======== SUPPLIED MATERIAL

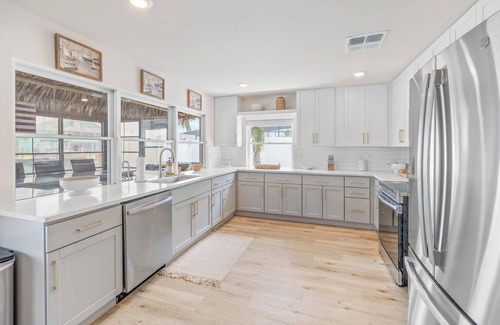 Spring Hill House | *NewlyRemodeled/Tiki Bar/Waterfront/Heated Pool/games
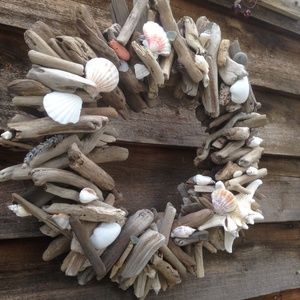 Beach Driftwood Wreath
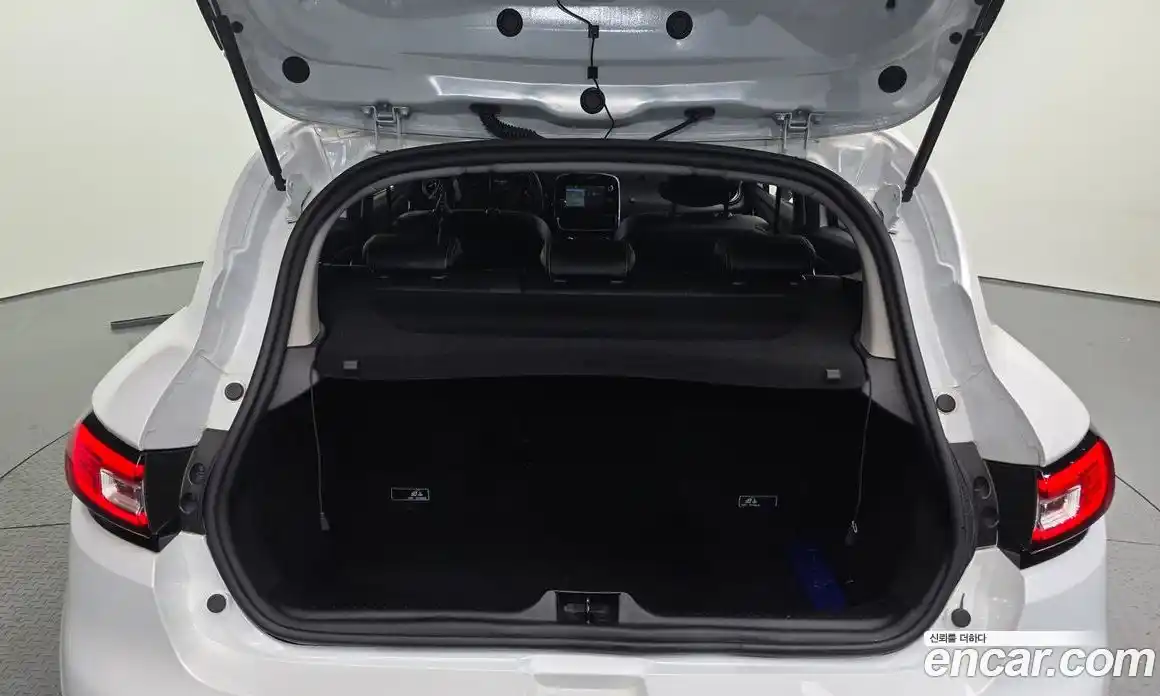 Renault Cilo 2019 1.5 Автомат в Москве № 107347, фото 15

================

§ REQUIRED WORK
What is needed is a verbatim copy of the material, minus its pictures.

§ OUTPUT FOR THIS TASK
 Spring Hill House | *NewlyRemodeled/Tiki Bar/Waterfront/Heated Pool/games
 Beach Driftwood Wreath
 Renault Cilo 2019 1.5 Автомат в Москве № 107347, фото 15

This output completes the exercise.